N’importe quel facho invoquant un dixième de ces discours ne se verrait pas gratifié d’une telle indulgence, ni d’autant de précautions.

En 2018, une tribune contre le « nouvel antisémitisme » est publiée par le Parisien. Écrite par Philippe Val, elle regroupe 250 intellectuel•les et personnalités politiques. Derrière un appel à condamner l’islamisme se cache en fait une généralisation des musulmans, désignés comme responsables de l’antisémitisme. Ce discours pose un récit : vous êtes antisémite ou islamophobe. En d’autres termes, nous devons choisir entre un génocide et « une épuration ethnique à bas bruit » (l’expression utilisée dans la tribune).

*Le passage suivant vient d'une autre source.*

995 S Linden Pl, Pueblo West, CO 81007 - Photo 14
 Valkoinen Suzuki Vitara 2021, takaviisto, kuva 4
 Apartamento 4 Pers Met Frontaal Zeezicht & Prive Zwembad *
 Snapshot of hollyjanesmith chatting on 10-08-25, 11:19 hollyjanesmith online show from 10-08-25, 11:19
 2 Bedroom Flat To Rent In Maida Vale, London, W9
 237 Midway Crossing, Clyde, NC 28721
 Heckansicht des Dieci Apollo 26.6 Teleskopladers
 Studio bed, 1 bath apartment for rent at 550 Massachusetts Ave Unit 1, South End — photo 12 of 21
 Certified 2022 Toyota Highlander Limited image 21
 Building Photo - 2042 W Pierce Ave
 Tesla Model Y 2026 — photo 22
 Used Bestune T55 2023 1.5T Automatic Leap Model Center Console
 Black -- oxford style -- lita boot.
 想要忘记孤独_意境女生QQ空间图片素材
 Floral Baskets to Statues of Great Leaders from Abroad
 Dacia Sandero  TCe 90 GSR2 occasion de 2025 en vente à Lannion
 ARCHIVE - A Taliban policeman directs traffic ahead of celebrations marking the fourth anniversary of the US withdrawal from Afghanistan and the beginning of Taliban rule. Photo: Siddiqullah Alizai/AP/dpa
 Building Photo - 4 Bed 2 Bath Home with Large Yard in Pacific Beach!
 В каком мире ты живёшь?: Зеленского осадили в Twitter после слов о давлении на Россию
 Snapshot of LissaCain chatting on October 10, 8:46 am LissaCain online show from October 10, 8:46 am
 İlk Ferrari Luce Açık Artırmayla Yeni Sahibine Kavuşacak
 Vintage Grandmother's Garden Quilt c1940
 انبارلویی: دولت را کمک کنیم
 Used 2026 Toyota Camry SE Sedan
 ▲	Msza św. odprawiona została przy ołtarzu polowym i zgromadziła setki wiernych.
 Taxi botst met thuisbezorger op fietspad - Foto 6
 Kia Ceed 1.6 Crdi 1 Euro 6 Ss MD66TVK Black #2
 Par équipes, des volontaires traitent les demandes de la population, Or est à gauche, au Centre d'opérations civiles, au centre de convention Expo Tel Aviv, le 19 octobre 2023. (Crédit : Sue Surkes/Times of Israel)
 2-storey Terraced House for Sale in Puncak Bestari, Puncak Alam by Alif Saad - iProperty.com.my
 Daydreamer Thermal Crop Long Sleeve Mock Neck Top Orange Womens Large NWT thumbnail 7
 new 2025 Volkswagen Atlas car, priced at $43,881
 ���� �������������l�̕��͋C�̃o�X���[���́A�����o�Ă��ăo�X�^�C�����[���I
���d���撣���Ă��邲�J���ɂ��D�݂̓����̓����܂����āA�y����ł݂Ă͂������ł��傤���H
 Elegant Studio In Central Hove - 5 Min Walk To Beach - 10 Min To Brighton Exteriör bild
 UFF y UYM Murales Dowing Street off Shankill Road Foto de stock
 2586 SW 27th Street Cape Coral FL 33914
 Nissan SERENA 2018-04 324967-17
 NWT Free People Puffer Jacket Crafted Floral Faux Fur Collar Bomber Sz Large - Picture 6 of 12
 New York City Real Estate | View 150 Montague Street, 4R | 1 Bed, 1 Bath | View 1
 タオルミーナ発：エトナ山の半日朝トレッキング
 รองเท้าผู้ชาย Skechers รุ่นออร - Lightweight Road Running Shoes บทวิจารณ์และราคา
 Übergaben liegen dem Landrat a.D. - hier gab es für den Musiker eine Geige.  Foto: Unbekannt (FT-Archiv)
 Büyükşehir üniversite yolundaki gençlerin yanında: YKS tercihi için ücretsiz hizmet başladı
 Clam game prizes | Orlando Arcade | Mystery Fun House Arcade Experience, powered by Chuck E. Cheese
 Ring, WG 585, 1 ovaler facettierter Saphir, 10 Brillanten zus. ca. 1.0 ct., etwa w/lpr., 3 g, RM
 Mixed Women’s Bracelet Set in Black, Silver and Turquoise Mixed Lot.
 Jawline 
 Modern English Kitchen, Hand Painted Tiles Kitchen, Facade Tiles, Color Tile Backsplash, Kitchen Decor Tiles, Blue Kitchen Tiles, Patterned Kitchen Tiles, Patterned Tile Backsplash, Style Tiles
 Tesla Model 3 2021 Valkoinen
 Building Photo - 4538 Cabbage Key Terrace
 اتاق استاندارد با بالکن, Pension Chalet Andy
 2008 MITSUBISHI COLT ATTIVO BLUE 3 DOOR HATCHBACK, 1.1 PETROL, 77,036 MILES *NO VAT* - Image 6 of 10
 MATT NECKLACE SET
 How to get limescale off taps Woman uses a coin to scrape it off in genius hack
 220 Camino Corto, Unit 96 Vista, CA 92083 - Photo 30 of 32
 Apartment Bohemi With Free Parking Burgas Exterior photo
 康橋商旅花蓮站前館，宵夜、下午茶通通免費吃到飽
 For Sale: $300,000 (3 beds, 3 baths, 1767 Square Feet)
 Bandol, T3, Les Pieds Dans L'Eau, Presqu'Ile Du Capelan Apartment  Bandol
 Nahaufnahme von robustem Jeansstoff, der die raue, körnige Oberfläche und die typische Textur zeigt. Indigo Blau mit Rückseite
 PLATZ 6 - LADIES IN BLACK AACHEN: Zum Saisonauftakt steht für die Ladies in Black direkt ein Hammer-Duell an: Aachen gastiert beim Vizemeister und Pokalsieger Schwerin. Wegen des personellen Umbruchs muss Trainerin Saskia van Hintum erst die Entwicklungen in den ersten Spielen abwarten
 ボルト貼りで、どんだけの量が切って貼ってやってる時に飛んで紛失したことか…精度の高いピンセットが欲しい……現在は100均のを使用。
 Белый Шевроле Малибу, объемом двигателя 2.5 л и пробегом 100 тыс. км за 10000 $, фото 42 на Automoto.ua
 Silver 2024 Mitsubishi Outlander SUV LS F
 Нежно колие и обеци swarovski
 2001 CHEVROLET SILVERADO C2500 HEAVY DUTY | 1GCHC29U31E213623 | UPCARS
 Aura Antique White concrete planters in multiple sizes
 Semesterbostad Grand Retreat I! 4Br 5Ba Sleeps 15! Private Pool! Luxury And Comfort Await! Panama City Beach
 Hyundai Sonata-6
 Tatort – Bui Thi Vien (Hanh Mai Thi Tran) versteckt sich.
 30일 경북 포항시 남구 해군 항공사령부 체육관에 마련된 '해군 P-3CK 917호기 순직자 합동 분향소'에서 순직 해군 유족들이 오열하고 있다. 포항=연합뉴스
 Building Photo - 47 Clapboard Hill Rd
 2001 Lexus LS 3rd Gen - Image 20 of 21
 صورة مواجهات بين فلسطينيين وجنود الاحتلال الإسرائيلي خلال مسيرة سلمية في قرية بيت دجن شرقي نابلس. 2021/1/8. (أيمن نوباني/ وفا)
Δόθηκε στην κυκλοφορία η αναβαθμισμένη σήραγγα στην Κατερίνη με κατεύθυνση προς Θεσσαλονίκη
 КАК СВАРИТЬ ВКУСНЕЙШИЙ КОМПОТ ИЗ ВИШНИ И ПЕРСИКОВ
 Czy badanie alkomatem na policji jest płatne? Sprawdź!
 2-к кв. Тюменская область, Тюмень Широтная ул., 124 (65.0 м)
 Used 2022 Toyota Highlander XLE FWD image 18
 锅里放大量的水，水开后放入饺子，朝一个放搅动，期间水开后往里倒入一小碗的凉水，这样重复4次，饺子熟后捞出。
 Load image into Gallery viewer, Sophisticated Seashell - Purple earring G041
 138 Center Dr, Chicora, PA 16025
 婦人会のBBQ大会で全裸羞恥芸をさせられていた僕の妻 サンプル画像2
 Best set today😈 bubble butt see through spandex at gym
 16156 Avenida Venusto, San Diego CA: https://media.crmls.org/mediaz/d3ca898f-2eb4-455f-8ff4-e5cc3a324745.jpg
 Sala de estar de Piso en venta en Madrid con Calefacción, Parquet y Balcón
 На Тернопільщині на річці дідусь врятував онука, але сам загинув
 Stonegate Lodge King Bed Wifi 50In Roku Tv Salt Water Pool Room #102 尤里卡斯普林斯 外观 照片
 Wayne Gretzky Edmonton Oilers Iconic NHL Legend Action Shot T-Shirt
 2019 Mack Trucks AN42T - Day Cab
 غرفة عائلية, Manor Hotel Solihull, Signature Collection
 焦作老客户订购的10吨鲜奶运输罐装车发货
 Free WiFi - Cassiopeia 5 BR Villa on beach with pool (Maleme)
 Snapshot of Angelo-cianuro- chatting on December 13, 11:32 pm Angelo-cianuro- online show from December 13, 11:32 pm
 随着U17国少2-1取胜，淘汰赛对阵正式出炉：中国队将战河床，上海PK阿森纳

Refuser le faux dilemme nous place entre le marteau et l’enclume. Encore.

Cette gauche et cette droite ont trouvé une façon de faire parler d’elles en continu, Bad buzz is still buzz. Nous aurions préféré voir des dirigeant•es d’un parti qui se revendique antiraciste dire « ok, on va changer de graphiste et se former sur la question de l’antisémitisme ».

Si ce texte ne trouvera pas grâce aux yeux des militant•es insoumis•es, il ne doit pas servir à cet extrême centre qui se pourlèche les babines à chaque critique émise envers le parti de Jean-Luc Mélenchon. Ceux et celles-ci feraient mieux de balayer devant leur porte, cette obsession n’est pas moins toxique.